The Coalition for Educational Excellence and Equity in Houston (CEEE) is the new nonprofit founded by former HISD board president and Turner’s current “education czar,” Juliet Stipeche. CEEE is putting together a plan to “collaborate” with HISD to assume control over the academics, finances, and general governance of 15 failing campuses. CEEE says it “would rely on state per-student funding and private contributions to the nonprofit.”
Turner claims that the city is not at all involved in the nonprofit, other than the group’s founder working in the administration and Turner appointing the entire board of the nonprofit. His first appointments were Corbin J. Robertson Jr., an energy executive; Trini Mendenhall, co-founder of Fiesta Mart and namesake of the Trini Mendenhall Community Center; and Stephanie D. Nellons-Paige, vice president of external affairs for Texas Central Railway. Turner plans to appoint six more board members. Stipeche is a nonvoting member.

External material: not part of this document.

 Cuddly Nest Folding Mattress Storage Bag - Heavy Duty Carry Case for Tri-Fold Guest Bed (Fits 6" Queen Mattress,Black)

“This is not a fight with HISD or anyone else. It is an offer of support for HISD to consider. The option is solely theirs to accept or reject,” Turner said in a statement. He said the model they selected for the plan is similar to the one used by former Los Angeles Mayor Antonio Villaraigosa.
It is worth noting that Villaraigosa came under fire for his forceful advocacy to bring the Los Angeles Unified School District under his office’s authority.

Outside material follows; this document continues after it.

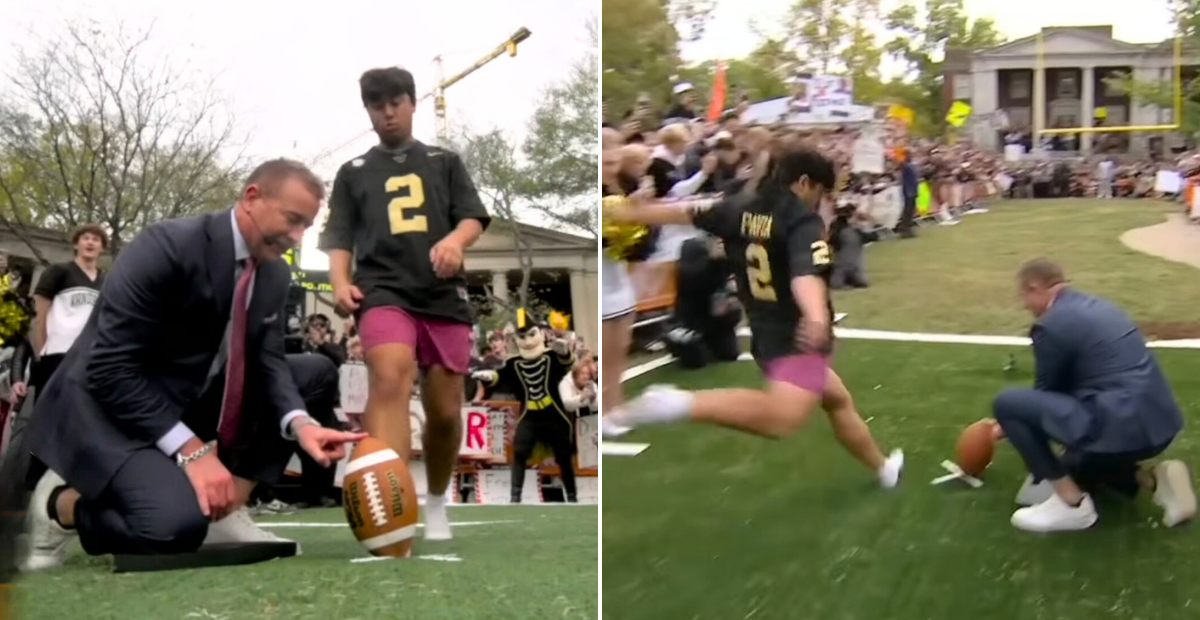 Vanderbilt student Tyler Hwang kicks during ESPN's College GameDay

Turner placed an item on Wednesday’s council agenda that falls squarely in line with his effort to move on HISD.
He proposed a contract with Masterson Advisors not to exceed roughly $750,000. The contract, which is to advise the city’s finance department, lasts through June 30, 2019.
Masterson Advisors, which specializes in charter school districts and has Yes Prep as a client, consists of a number of former employees of Hilltop Securities, Inc., with which the city approved a contract in 2016. But last year, when Hilltop decided to drop nine charter schools clients to show support for traditional school districts, Drew Masterson left Hilltop to start Masterson Advisors.
The move by Turner occurring at the same time as the creation of his government-sponsored nonprofit signals that he does, in fact, want to create a charter district with the 15 campuses he’s offering to take over.
Turner’s slow creep towards HISD is not without opposition. Indivisible Houston has come out against the effort, as has HISD Parent Advocates. Representatives of both groups showed up at council’s weekly public session to voice concerns. There has even been mention of groups coming together to sue the TEA.
While HISD’s interim superintendent is making advancements, the tension between board members has all but ended any effort to truly reform the district. Consolidating schools under the purview of the mayor and the city will grow mayoral powers and muddy the water between Houston’s two major systems of government. But with HISD in a stalemate, options grow increasingly limited by the day. Former Mayor Annise Parker has called for the state to step in, though activists and the board seem adamantly opposed to that option.
The state needs to step in and take over, appointing an all new board and superintendent. How many years of chaos does it take before someone acts for our kids? https://t.co/rsYe7j1spw
— Annise Parker (@AnniseParker) November 29, 2018
Because state law permits state takeover of districts with campuses that continuously come under “improvement required” status, HISD has to submit a plan to TEA by February 4, 2019.